Questionnaire generation, sample management, data cleaning, cross-tabulation, sentiment analysis, and first-draft reporting can all be automated or accelerated.

But the hardest part of polling has never been calculating percentages.

The hard part is understanding why people answered the way they did.

Behind a number there may be fear, identity, culture, media exposure, historical memory — or simply a misleading result caused by poor survey design.

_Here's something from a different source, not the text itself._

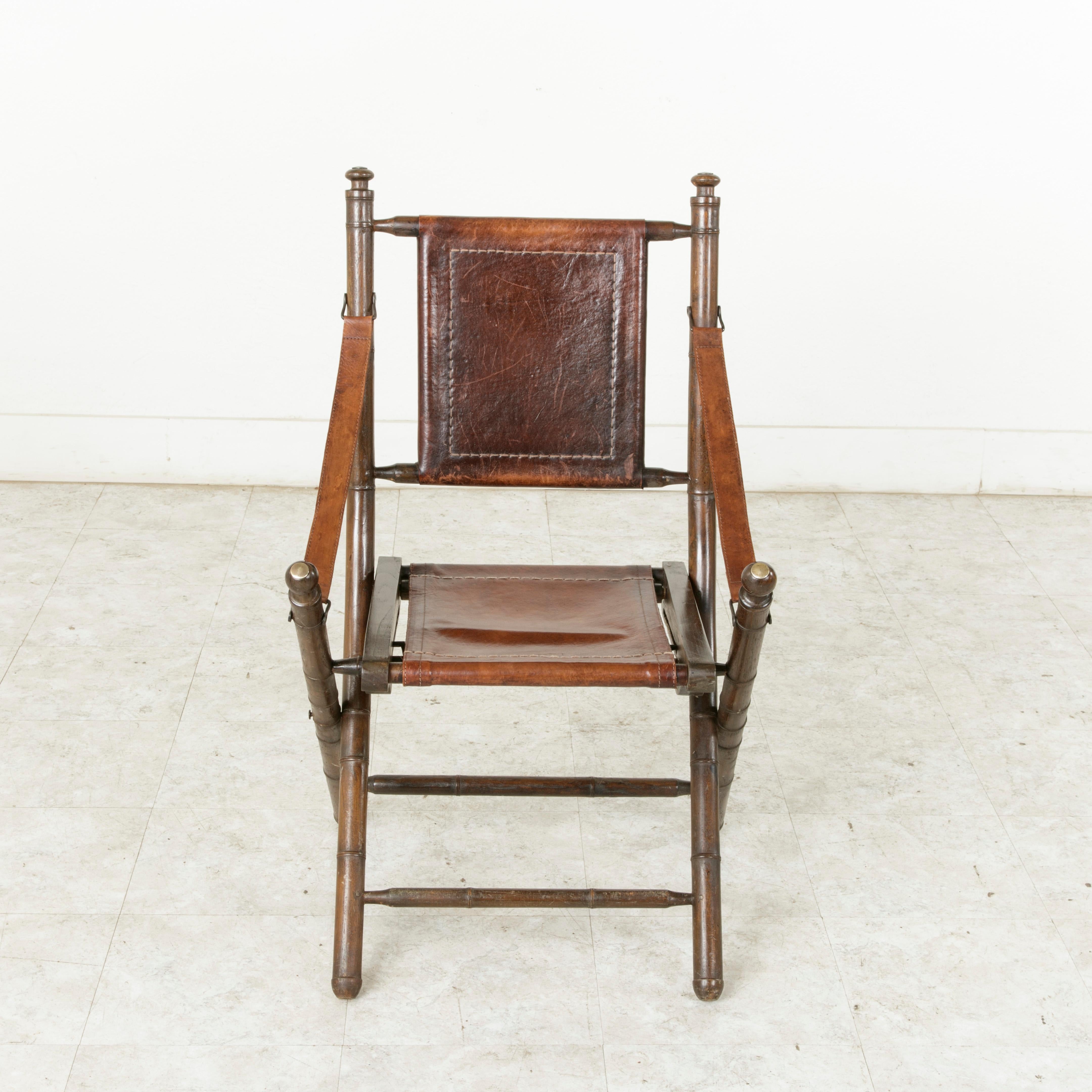 Dieser klappbare Liegestuhl aus französischem Nussbaumholz von der Wende zum 20. Jahrhundert hat gedrechselte Beine und Rückenlehnenstützen aus Bambusimitat. Der Stil aus der französischen Kolonialzeit:: als sich das französische Reich bis nach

AI can tell you that support has declined.

It may not be able to tell you whether that decline reflects policy failure, communications failure, sample bias, or voters expressing frustration in a deliberately symbolic way.

Routine polling analysis will be compressed.

Survey methodology, cultural interpretation, and political-context judgment will remain valuable.

Research Publications Editor: 55–70%

Editorial roles are also at significant risk.

Grammar, formatting, citations, summaries, headlines, structural suggestions, and style consistency are all tasks AI can handle.

This is especially true in think tanks, where many publications follow standard formats: policy briefs, working papers, research reports, issue notes, and backgrounders.

The more standardized the publication, the easier it is for AI to absorb the editing process.

But strong editors still matter.

Their real work is not merely correcting sentences.

It is asking:

Is the evidence strong enough to support this conclusion?
Is the headline overstated?
Has the author avoided a crucial counterexample?
Who will attack this report after publication?
Is the institution willing to take the reputational risk of making this claim?

Routine editing will shrink.

Quality control, intellectual rigor, and reputational risk management will remain.


Medium-Risk Roles: The Jobs Remain, but the Headcount Shrinks

Many policy research roles will not be directly replaced by AI.

But they will be reorganized.

Work that once required five people may be done by two people working with AI.

Policy Analyst: 35–45%

The policy analyst role is one of the easiest to misunderstand.

Some people argue that policy analysis requires judgment, so it must be safe.

That is only partly true.

A large share of junior policy analysis consists of literature reviews, policy scans, case summaries, data summaries, and first drafts of briefing notes.

These are exactly the areas where AI is strong.

If your daily work sounds like this —

“Find out what other countries are doing.”
“Summarize the relevant regulations.”
“Write a two-page brief.”
“Summarize this report for senior leadership.”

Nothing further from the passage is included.